An additional film, How to Take a Bath (lost Dwain Esper sexploitation film, 1937, USA) was scripted by American poet John Ashbery and completed in 2010." Footage from this film appears in The Forbidden Room. In addition, Ashbery has given [Maddin] a copy of his collage-play The Inn of the Guardian Angel, which was produced from New York Times obituaries and 1930 Hollywood fanzines, to "strip-mine for dialogue for the lost films."

===Montreal===
The following works were refilmed at Centre PHI, Montreal, July 7–20, 2013.

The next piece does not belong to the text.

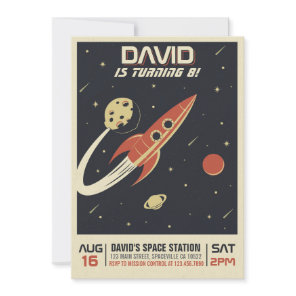 Retro Space Birthday Invitation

- Saint, Devil and Woman (Frederick Sullivan, 1916)
- Tokyo’s Ginza District (Tsunekichi Shibata, 1898, Japan)
- Gabriele, the Lamplighter of the Harbour (Elvira Notari, 1919, Italy)
- Der Janus-kopf (F.W. Murnau, 1920, Germany)
- Women Skeletons (Guan Heifeng, 1922, China)
- Scout Day (Albert Tessier, 1929, Canada)
- The Scorching Flame (1918, Armand Robin, Canada)
- The Red Wolves (Joseph Roth)
- Trumpet Island
- The Forbidden Room
- Drakula Halala
- Dalagang Bukid

==Recognition==
In April 2017, Seances received a Webby Award nomination in the Art & Experimental/Film & Video category.